What to work on
Take nothing but the lines from the one with "Bugatchi Blue Merino" through the one with "MA license plate 182EY1" in the entries below, both ends kept, and return them exactly with pictures left out.

··· Exercise data ···

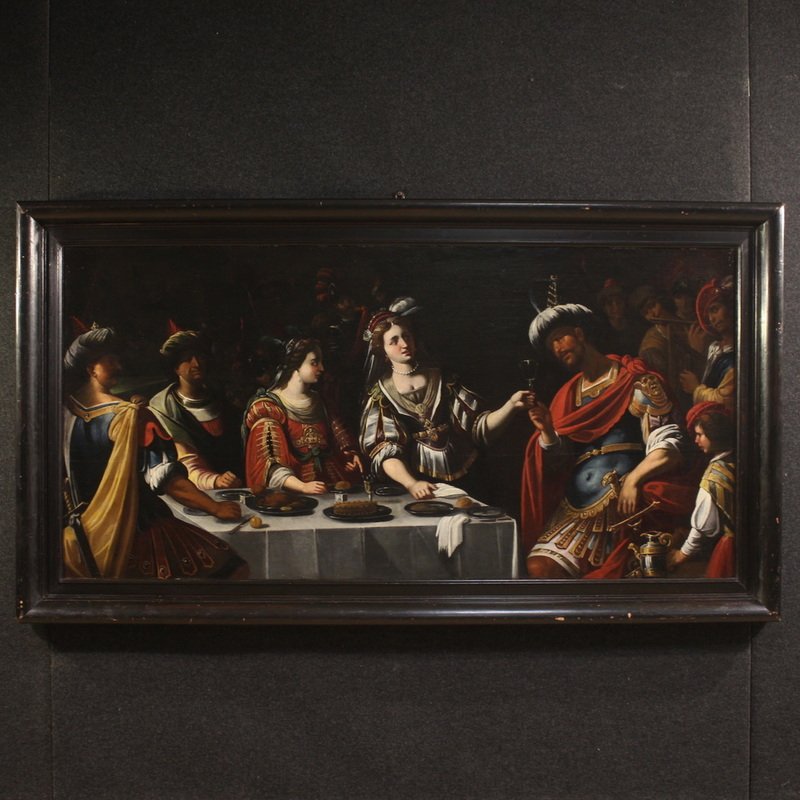 Grande dipinto italiano del XVII secolo, il banchetto tra Marco Antonio e Cleopatra  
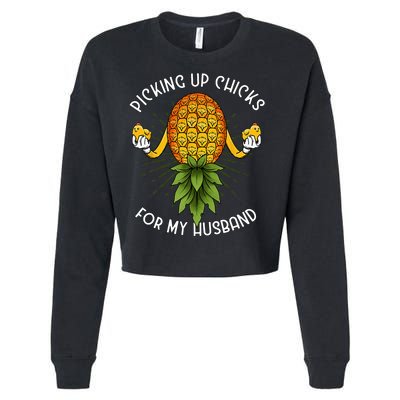 Picking Up Chicks For Husband Swinger Upside Down Pineapple Cropped Pullover Crew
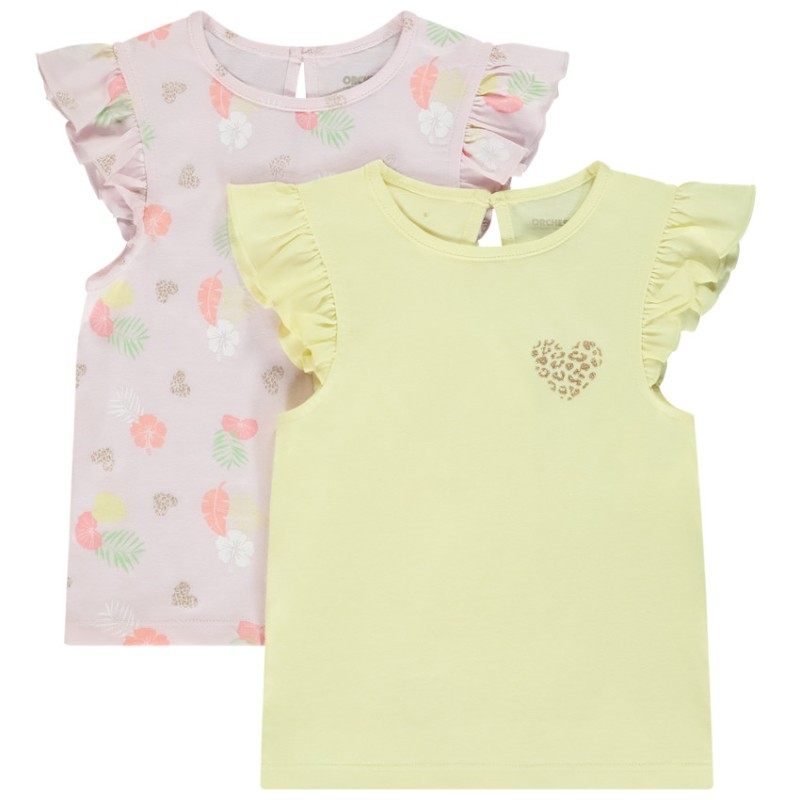 Lot de t-shirts manches courtes fantaisie pour bébé fille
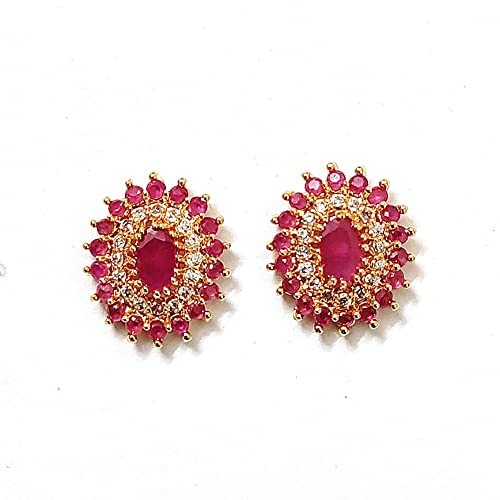 Jewels Corner Womens Glamorous Beautiful Looks Ruby & White Cubic Zirconia Brass Stud Earring (B09J26RK17) Amazon Price History, Amazon Price Tracker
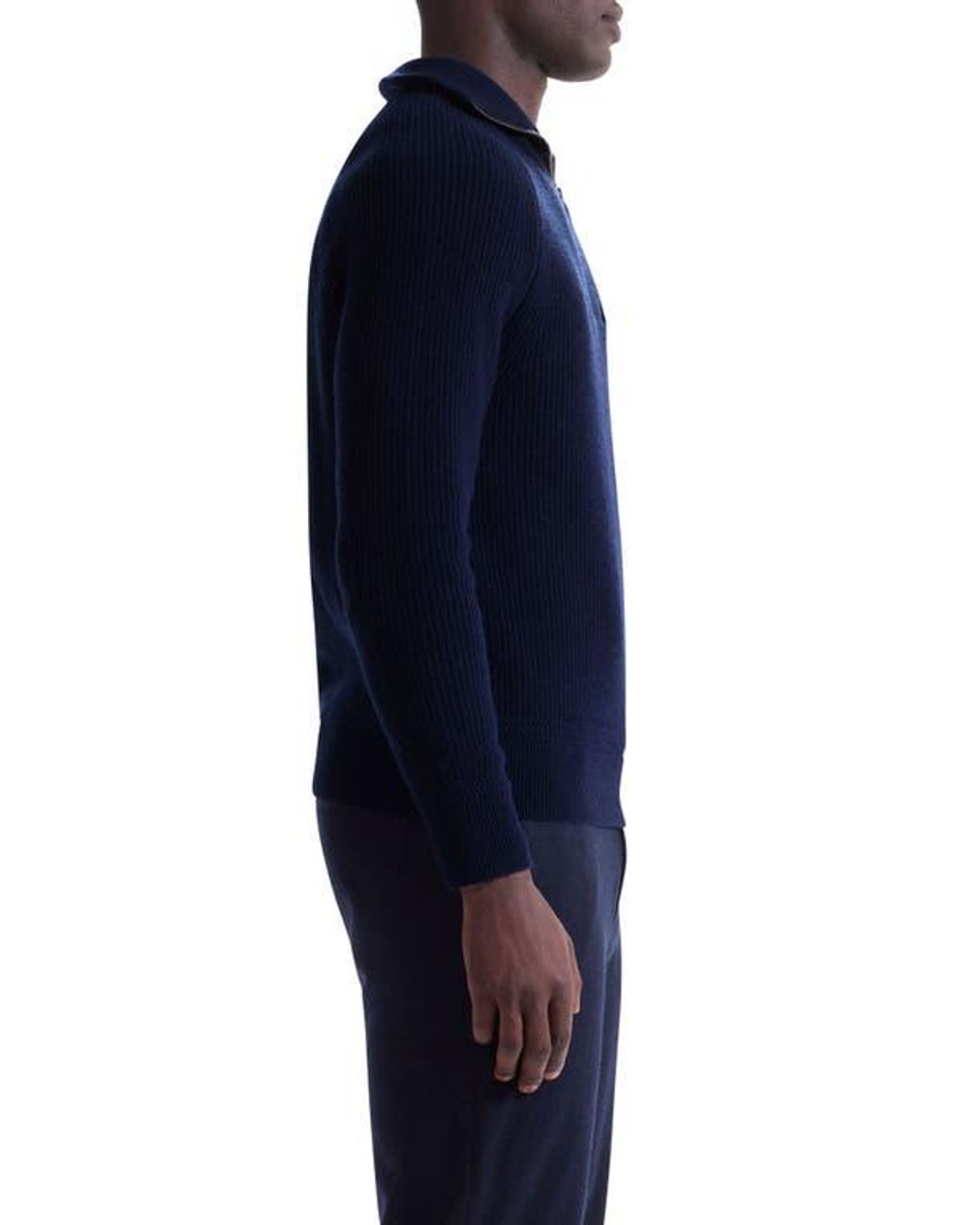 Bugatchi Blue Merino Wool & Cotton Quarter Zip Pullover for men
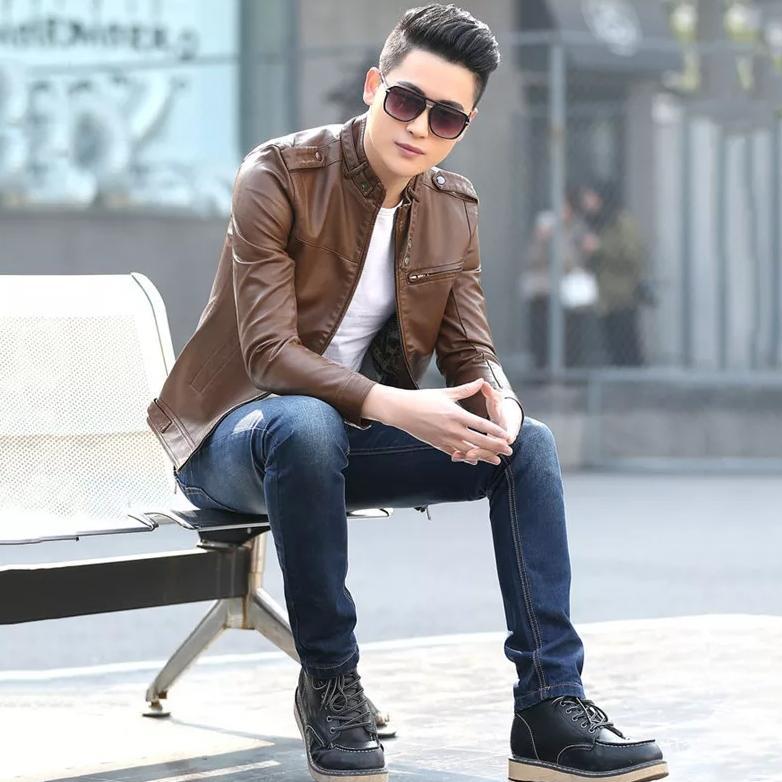 HOT DEALS Jaket kulit pria slimpit casual kain keren distro  leather  lembut nyaman waterproof  outd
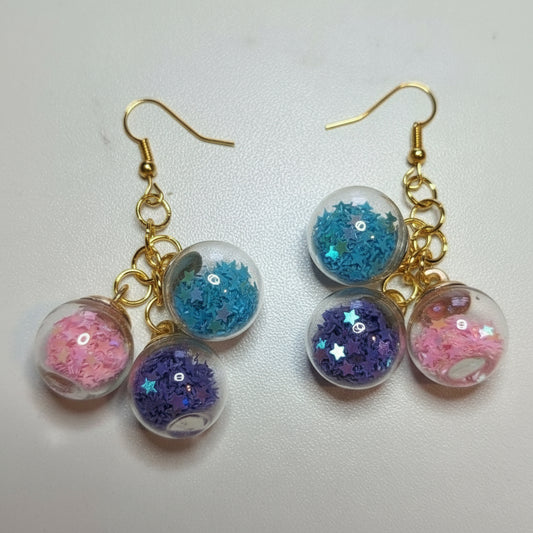 Pastel Ombre Cascade Globe Earrings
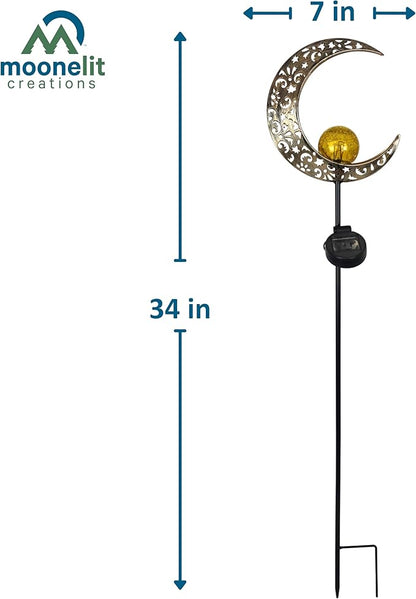 MCSSMOON Solar LED Crescent Moon Garden Light – Waterproof Metal Stake with Crackled Glass Globe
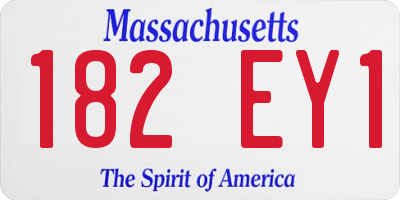 MA license plate 182EY1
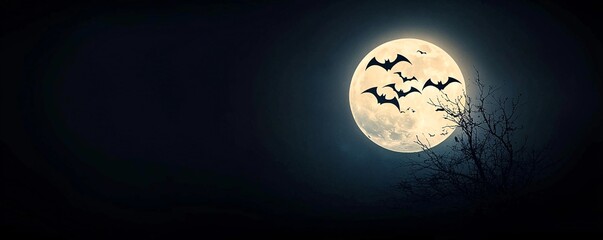 Poster - Bright neon bats flying across a glowing full moon, with the dark sky providing contrast and plenty of copy space for text or branding.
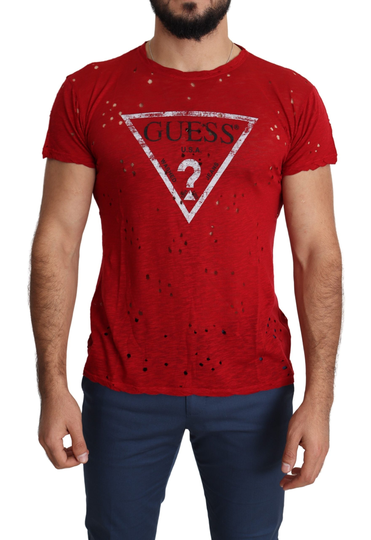 Guess Men's Casual Top Perforated T-shirt Red TSH5085-L - L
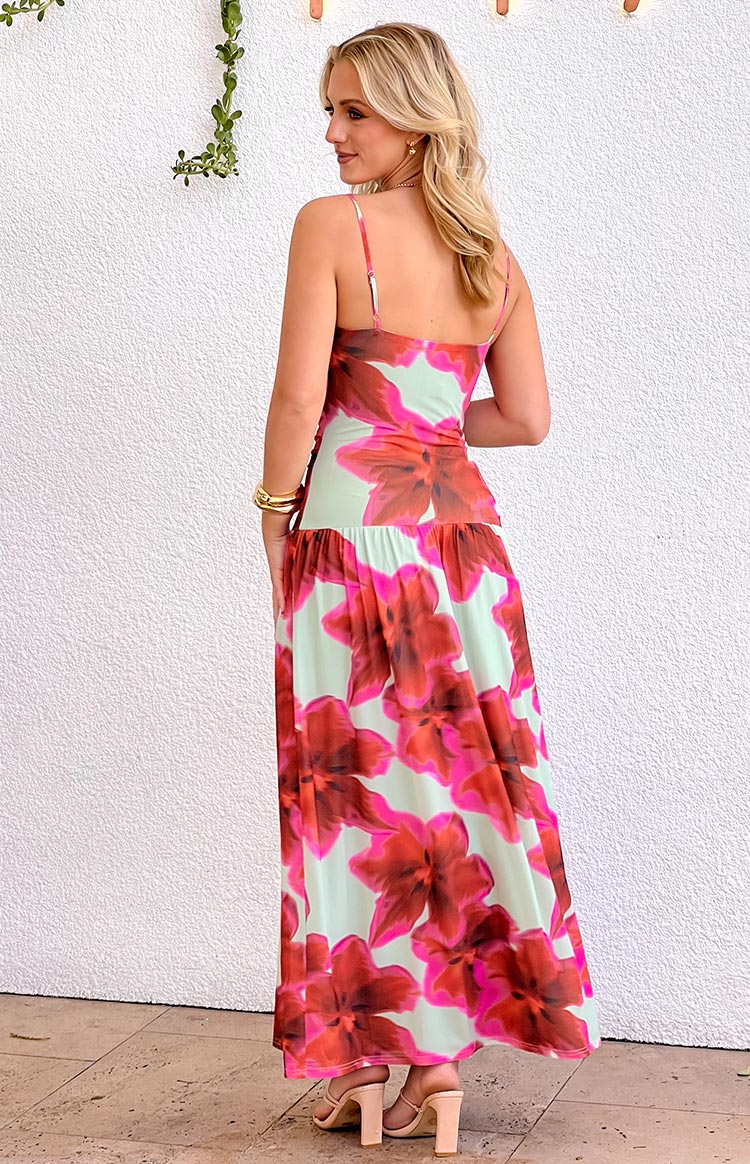 Lilliana Floral Print Maxi Dress | Green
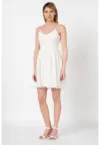 Rochie mini din dantela cu pliuri inversate Helena
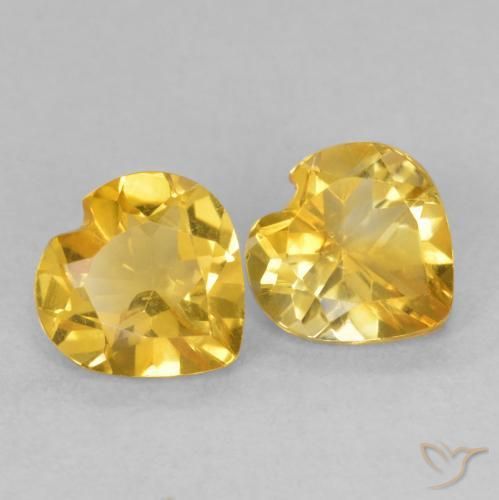 1.30 ct natürliche Golden Citrin-Edelsteine, Herz, VVS-VS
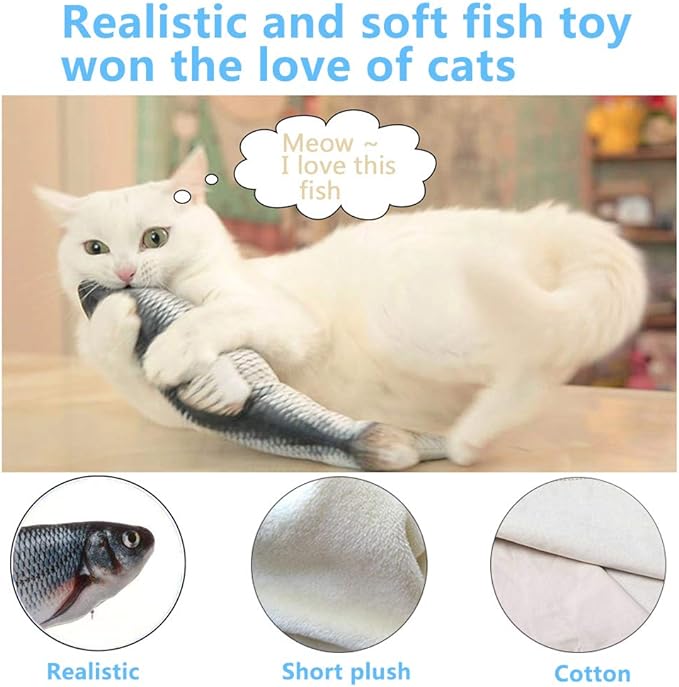 Tocirelo Cat Toys Flopping Fish with Catnip, Moving Cat Toy Interactive for Indoor Cats, Kitten Kicker Floppy Dog Toy, 11" Electric Realistic Plush Wiggle Fish for Kitty Exercise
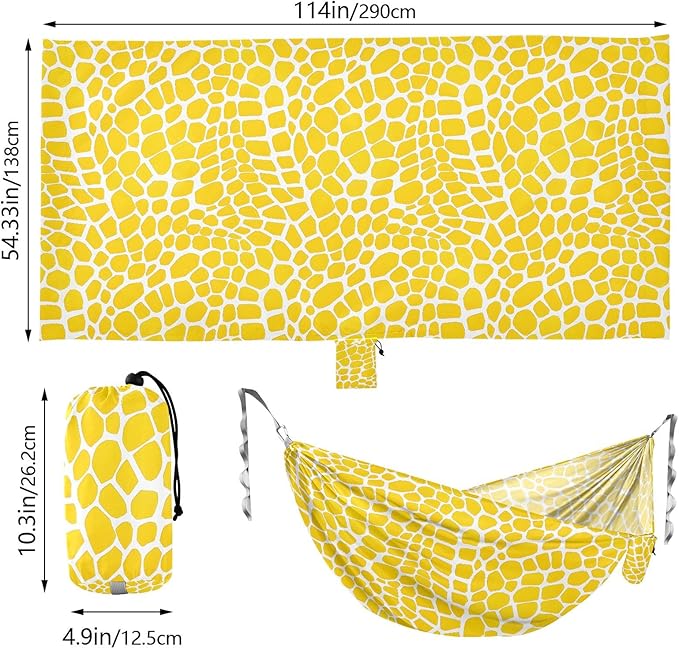 Camping Hammock Outdoor Hammocks for Outside Yellow Lizard Skin Beach Trees Portable Lightweight with Pockets Tree Straps Indoor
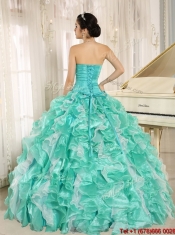2016 Brand Pretty Apple Green Quinceanera Dresses with Beading and Ruffles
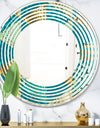 Gold and Blue Dynamics I - Modern Round or Oval Wall Mirror - Wave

···

Answer space
 Bugatchi Blue Merino Wool & Cotton Quarter Zip Pullover for men
 HOT DEALS Jaket kulit pria slimpit casual kain keren distro  leather  lembut nyaman waterproof  outd
 Pastel Ombre Cascade Globe Earrings
 MCSSMOON Solar LED Crescent Moon Garden Light – Waterproof Metal Stake with Crackled Glass Globe
 MA license plate 182EY1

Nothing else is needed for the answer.